▶ [RECORDED DATA]
■ ■ ■
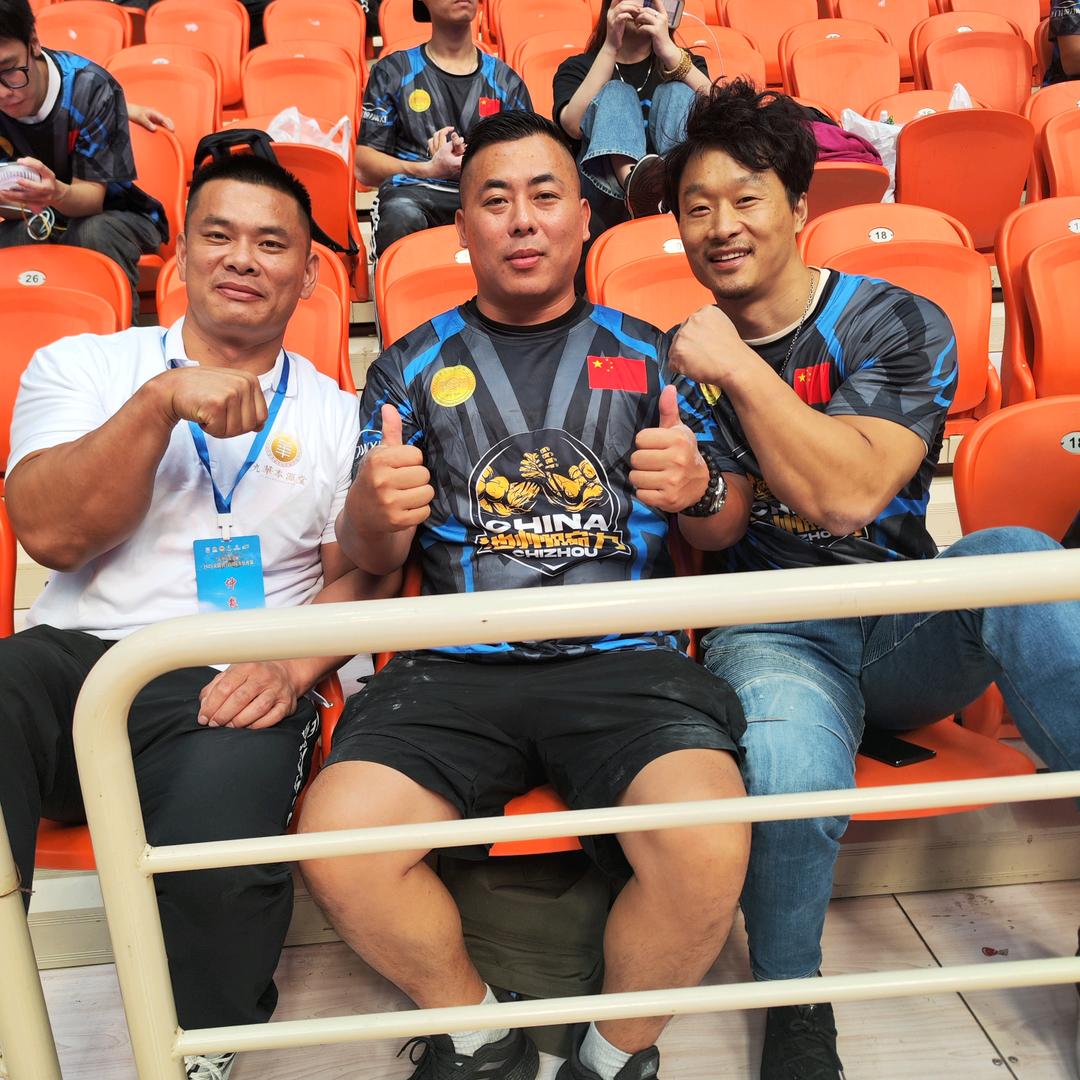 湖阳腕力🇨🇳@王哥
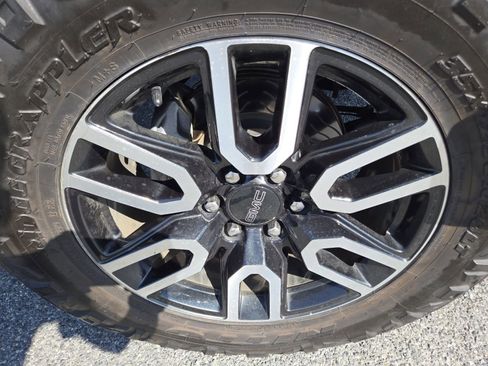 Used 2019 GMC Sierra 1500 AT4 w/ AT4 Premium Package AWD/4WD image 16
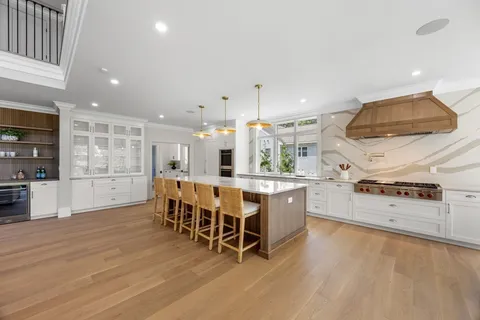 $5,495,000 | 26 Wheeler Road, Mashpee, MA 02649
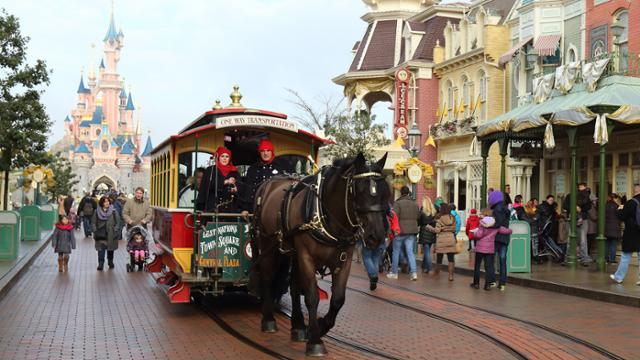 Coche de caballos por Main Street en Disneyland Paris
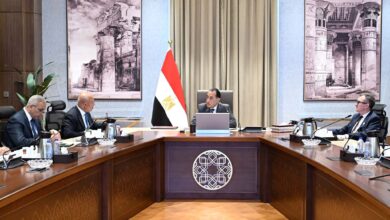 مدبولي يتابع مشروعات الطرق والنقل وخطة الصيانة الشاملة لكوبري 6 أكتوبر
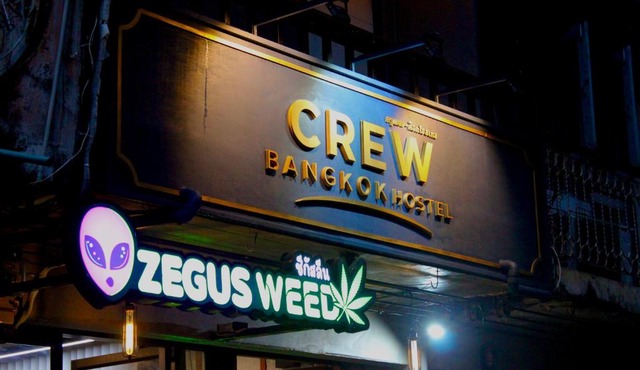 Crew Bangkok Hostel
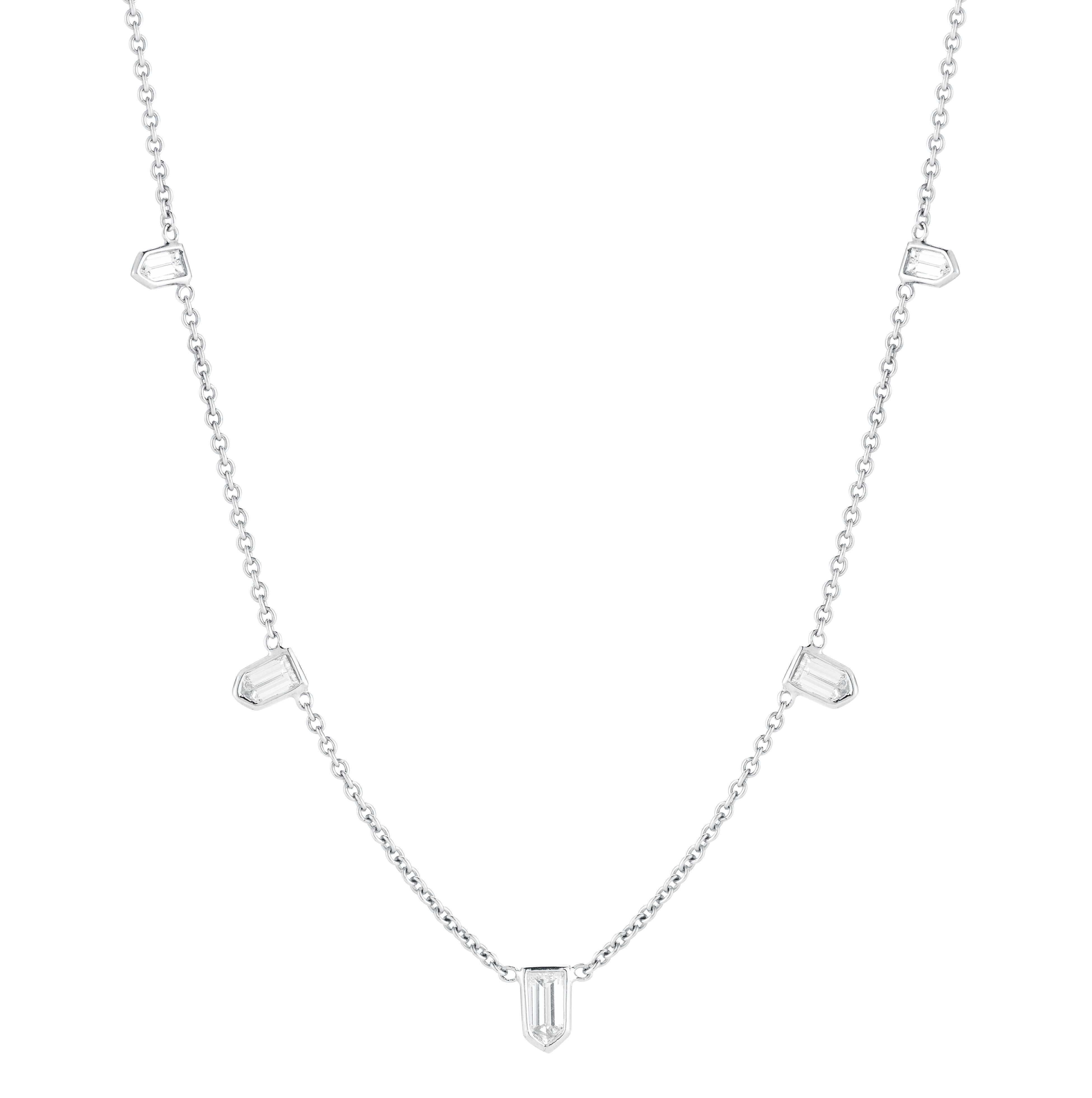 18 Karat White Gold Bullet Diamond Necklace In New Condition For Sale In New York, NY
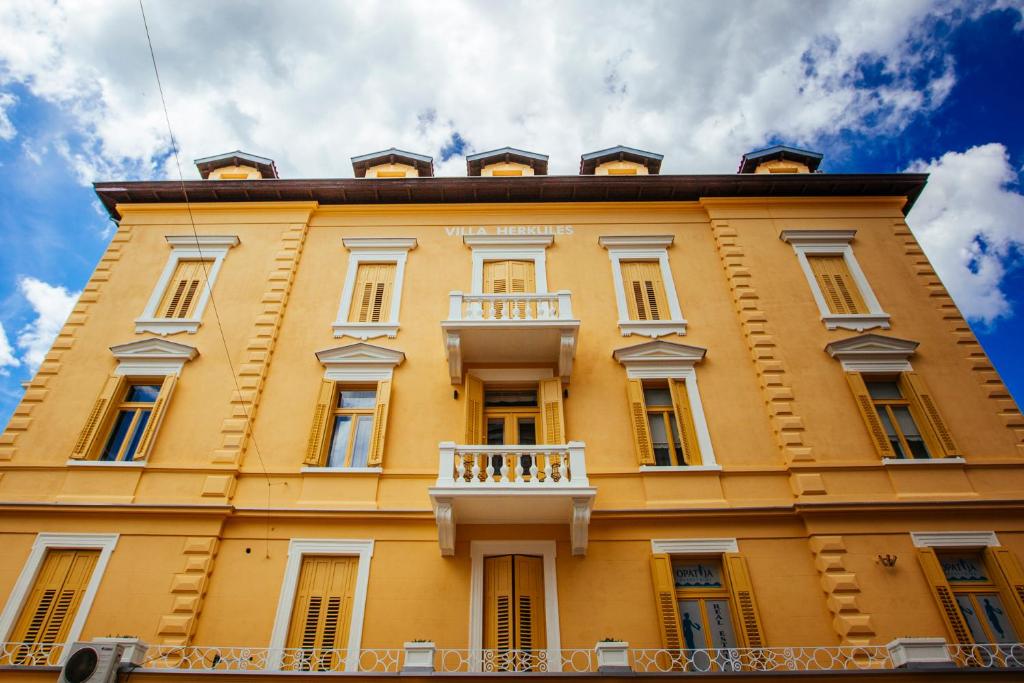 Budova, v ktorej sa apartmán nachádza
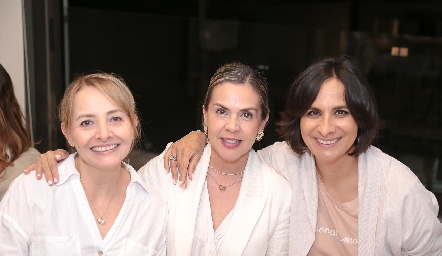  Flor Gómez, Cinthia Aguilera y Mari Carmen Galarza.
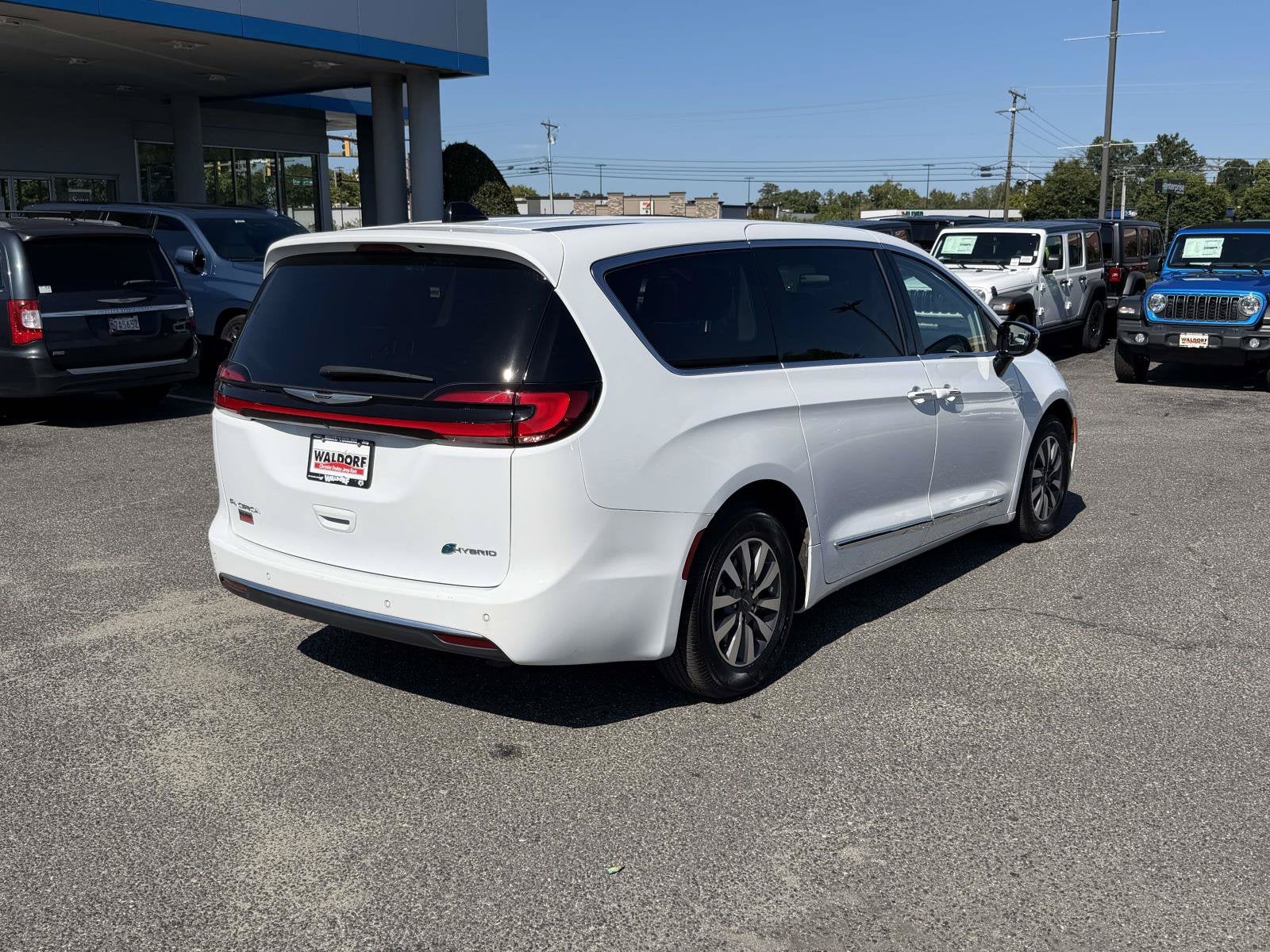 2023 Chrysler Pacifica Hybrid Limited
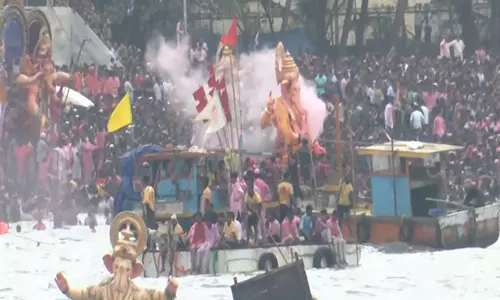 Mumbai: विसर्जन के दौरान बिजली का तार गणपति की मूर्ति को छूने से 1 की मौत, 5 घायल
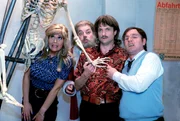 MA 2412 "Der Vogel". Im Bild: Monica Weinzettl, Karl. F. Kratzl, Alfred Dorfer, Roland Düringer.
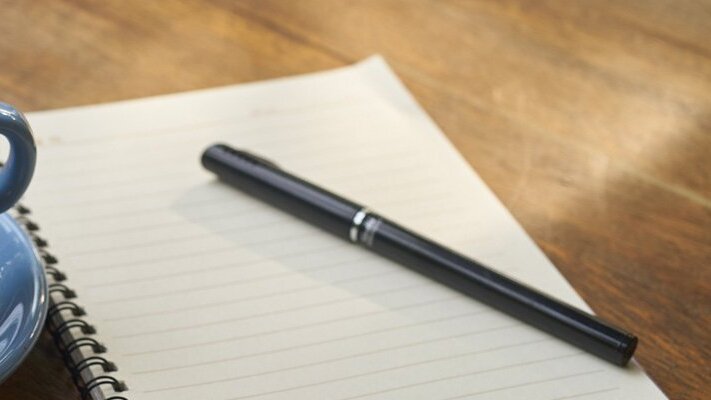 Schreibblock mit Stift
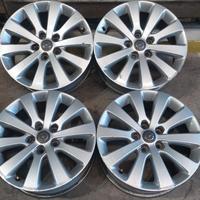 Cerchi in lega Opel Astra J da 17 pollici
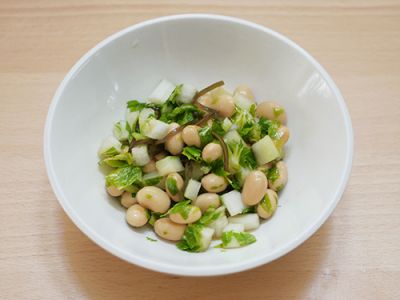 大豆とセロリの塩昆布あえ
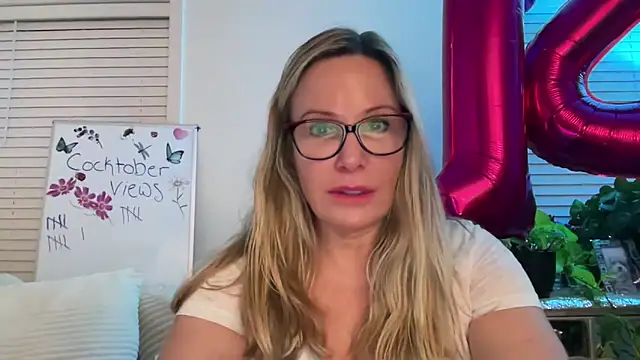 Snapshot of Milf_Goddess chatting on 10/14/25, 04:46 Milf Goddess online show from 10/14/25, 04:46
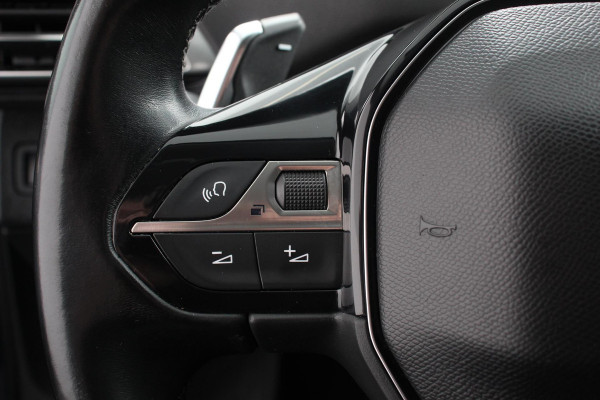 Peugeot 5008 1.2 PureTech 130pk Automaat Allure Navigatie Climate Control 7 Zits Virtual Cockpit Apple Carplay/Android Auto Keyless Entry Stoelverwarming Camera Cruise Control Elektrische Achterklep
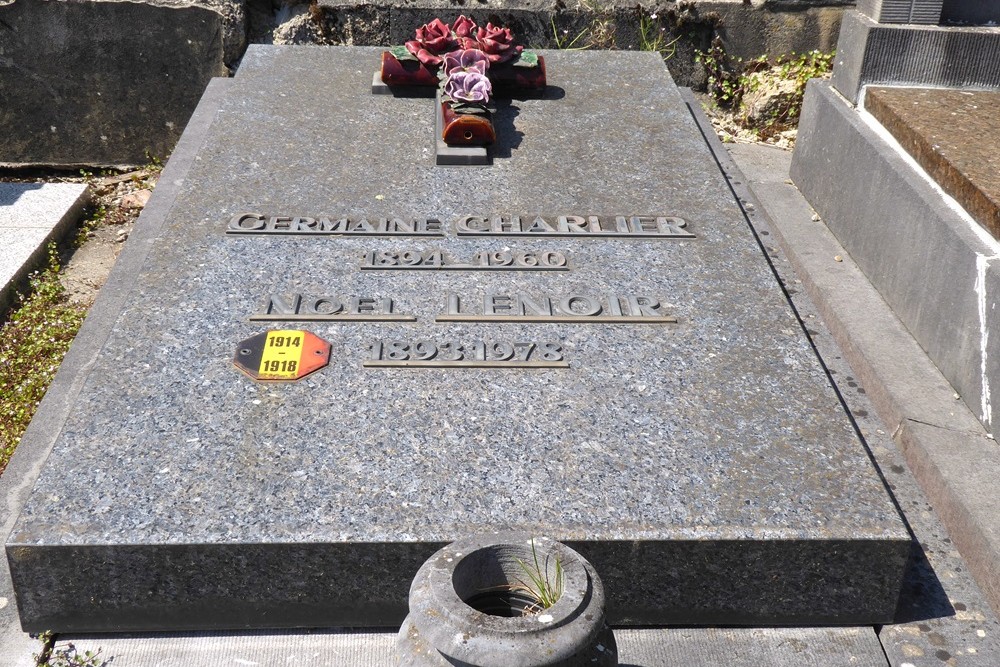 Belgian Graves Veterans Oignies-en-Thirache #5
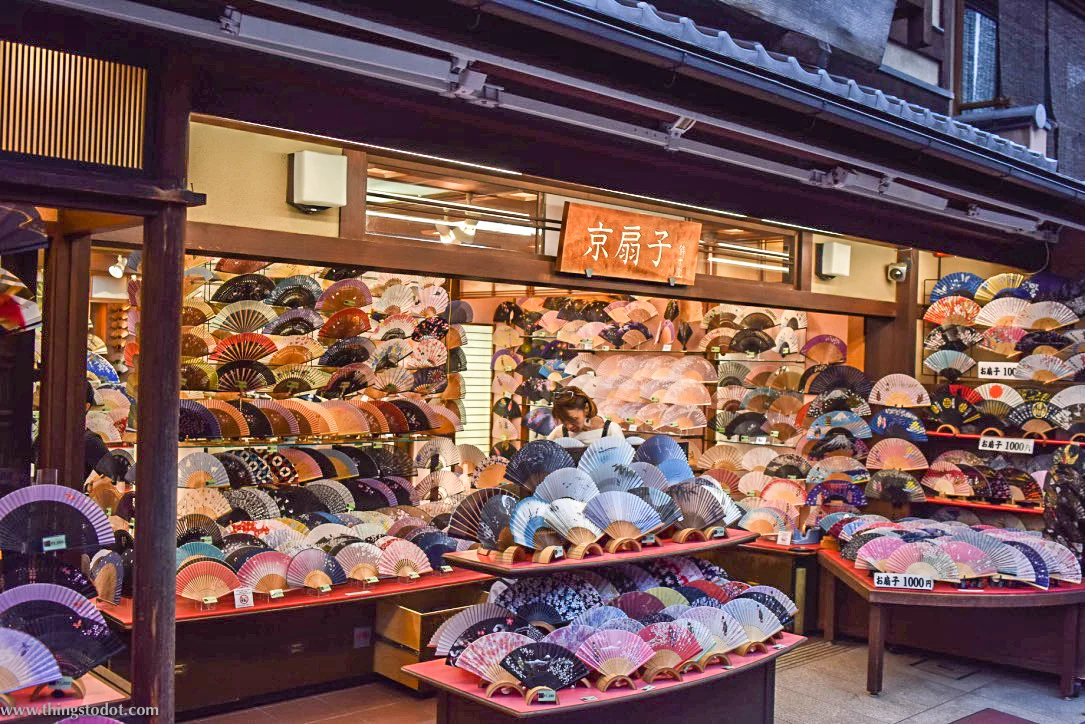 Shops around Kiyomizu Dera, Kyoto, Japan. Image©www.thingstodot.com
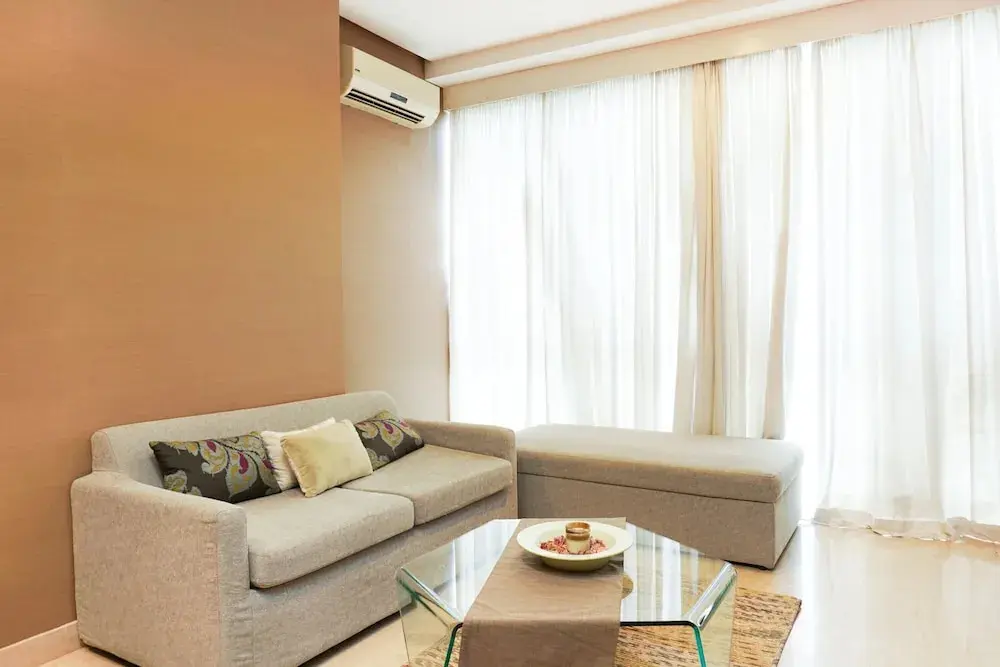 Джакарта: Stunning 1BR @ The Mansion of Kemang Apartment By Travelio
■ ■ ■
▶ [WORK INSTRUCTIONS] Reproduce word for word the lines from the line holding "Used 2019 GMC" through the last line of the material above, inclusive, and keep pictures out of it.

▶ [EXPECTED ANSWER]
 Used 2019 GMC Sierra 1500 AT4 w/ AT4 Premium Package AWD/4WD image 16
 $5,495,000 | 26 Wheeler Road, Mashpee, MA 02649
 Coche de caballos por Main Street en Disneyland Paris
 مدبولي يتابع مشروعات الطرق والنقل وخطة الصيانة الشاملة لكوبري 6 أكتوبر
 Crew Bangkok Hostel
 18 Karat White Gold Bullet Diamond Necklace In New Condition For Sale In New York, NY
 Budova, v ktorej sa apartmán nachádza
  Flor Gómez, Cinthia Aguilera y Mari Carmen Galarza.
 2023 Chrysler Pacifica Hybrid Limited
 Mumbai: विसर्जन के दौरान बिजली का तार गणपति की मूर्ति को छूने से 1 की मौत, 5 घायल
 MA 2412 "Der Vogel". Im Bild: Monica Weinzettl, Karl. F. Kratzl, Alfred Dorfer, Roland Düringer.
 Schreibblock mit Stift
 Cerchi in lega Opel Astra J da 17 pollici
 大豆とセロリの塩昆布あえ
 Snapshot of Milf_Goddess chatting on 10/14/25, 04:46 Milf Goddess online show from 10/14/25, 04:46
 Peugeot 5008 1.2 PureTech 130pk Automaat Allure Navigatie Climate Control 7 Zits Virtual Cockpit Apple Carplay/Android Auto Keyless Entry Stoelverwarming Camera Cruise Control Elektrische Achterklep
 Belgian Graves Veterans Oignies-en-Thirache #5
 Shops around Kiyomizu Dera, Kyoto, Japan. Image©www.thingstodot.com
 Джакарта: Stunning 1BR @ The Mansion of Kemang Apartment By Travelio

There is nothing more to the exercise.